ADVENTO

Em toda a história bíblica, os profetas sempre foram figuras de primeira importância. Homens possuídos por Deus, inovadores éticos e morais, suas visões configuraram decisivamente a vivência e a reflexão religiosa posterior, tanto judia quanto cristã.

A compreensão da profecia bíblica hoje tende a rejeitar o lugar-comum que considera o profeta um adivinho do futuro, para vinculá-lo bem fortemente ao presente. Assim, foi com os profetas de Israel, assim é com os profetas atuais, O fenômeno da profecia é feito de uma experiência de Deus que impulsiona um ser humano a enfrentar todos os perigos, a fim de comunicar uma mensagem divina. É, portanto, inseparável da consciência que tal mensageiro tem das características de seu tempo e de seu espaço.
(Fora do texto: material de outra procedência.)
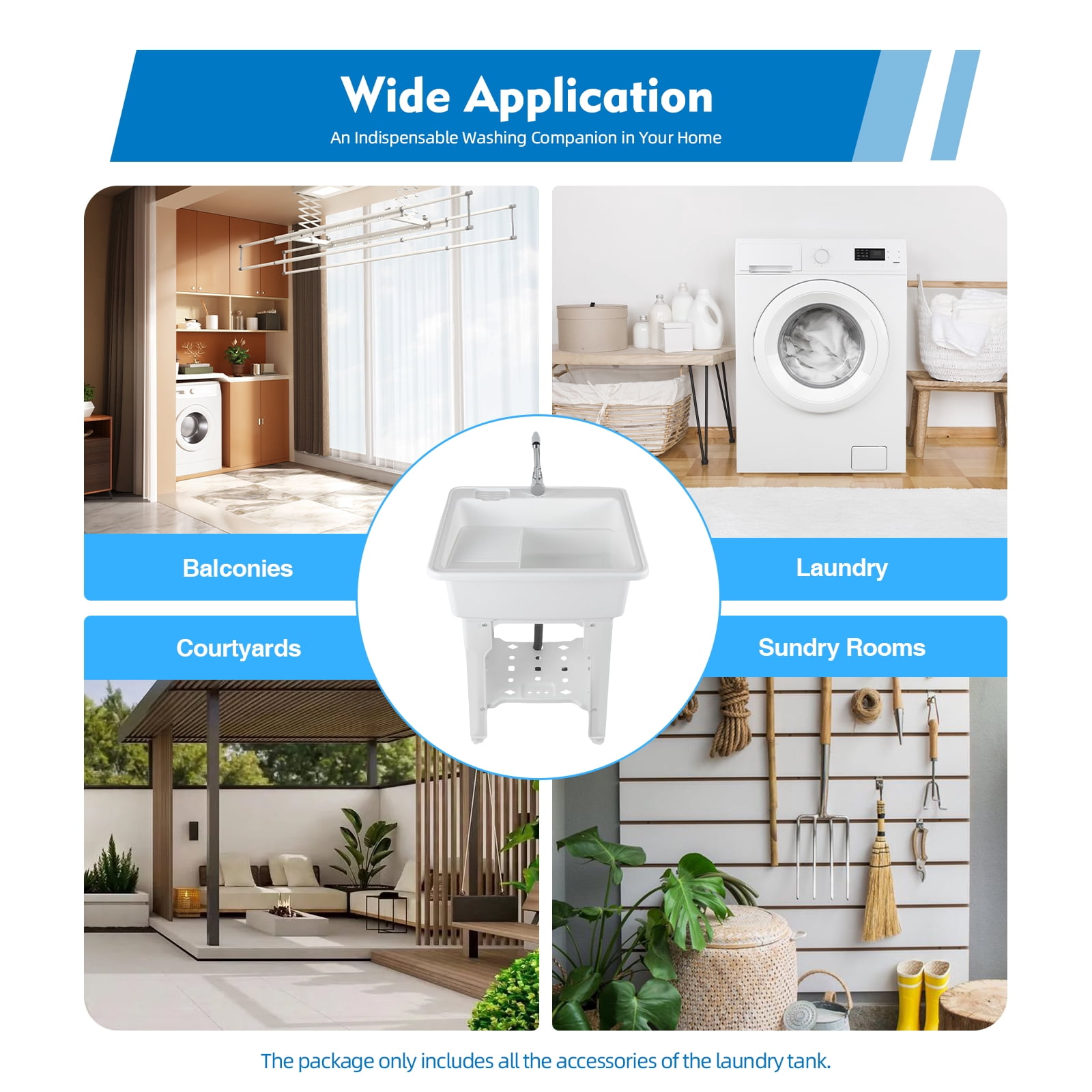 25.59*21.65*31.5in Freestanding Utility Sink Laundry Tub Floor Mount Wash Bowl Basin & Faucet Drain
Os profetas só podem ser entendidos quando a relação dinâmica entre eles e a sociedade onde vivem é plenamente compreendida e levada em conta.

Assim, cada profeta é diferente, pois cada um responde a uma determinada situação na qual Deus o chama a abrir a boca e falar em Seu Nome.

Neste tempo do Advento, a figura profética de João Batista é posta pela Igreja diante de nossos olhos. Sua pessoa dá testemunho de um aspecto essencial na vida humana: o amor e a luta pela verdade acima de tudo. Coerente e destemido, João não cessa de chamar os homens à conversão, advertindo: "Arrependei-vos e convertei-vos, pois o reino de Deus está próximo".

Sua língua de fogo não permite que o povo se acomode na mediocridade de uma vida que tem secretos compromissos como a iniqüidade. Mas denúncia a condição pecadora de todos, inclusive a sua própria, e diz não haver outro caminho senão a total verdade e transparência na busca da vontade de Deus.

Neste tempo do advento, vamos vê-lo e ouvi-lo fazendo acontecer a profecia de outro profeta, Isaías, que já anunciava: preparai o caminho do Senhor, endireitai suas veredas. Toda ravina será aterrada, toda montanha e toda colina serão rebaixadas, as passagens tortuosas serão retificadas, os caminhos ásperos serão aplainados, e todos verão a salvação de Deus.

Nada nem ninguém detinha João quando se tratava de aplainar caminhos ásperos e retificar passagens tortuosas. Nem mesmo o poder do rei Herodes. Olhando-o nos olhos, João gritou-lhe a verdade sem concessões: "Não te é lícito ficar com Herodíades, pois é mulher de teu irmão. "A corrupção e a mentira não gostam da transparência. Não aceitam que seus torcidos desvios sejam trazidos à luz. E João perdeu a vida, aplainando com seu sangue a aspereza dos caminhos da maldade e os tortuosos descaminhos da mentira.

Sua palavra e sua vida de profeta prepararam o caminho para que pudesse chegar e ser reconhecido Aquele que permitiria a todos ver a salvação de Deus. Neste Advento, o profeta João Batista pode dar-nos algo de sua coragem, para que, ao mesmo tempo em que celebramos com alegria o Novo que vem, não recuemos diante do compromisso de abrir a boca e dizer a verdade, aplainando os ásperos caminhos da mentira e da corrupção, da injustiça e da violência, do terror e da iniqüidade.

Em suma, das velhas coisas que se recusam a deixar o campo livre para a celebração da verdade e da luz do Natal.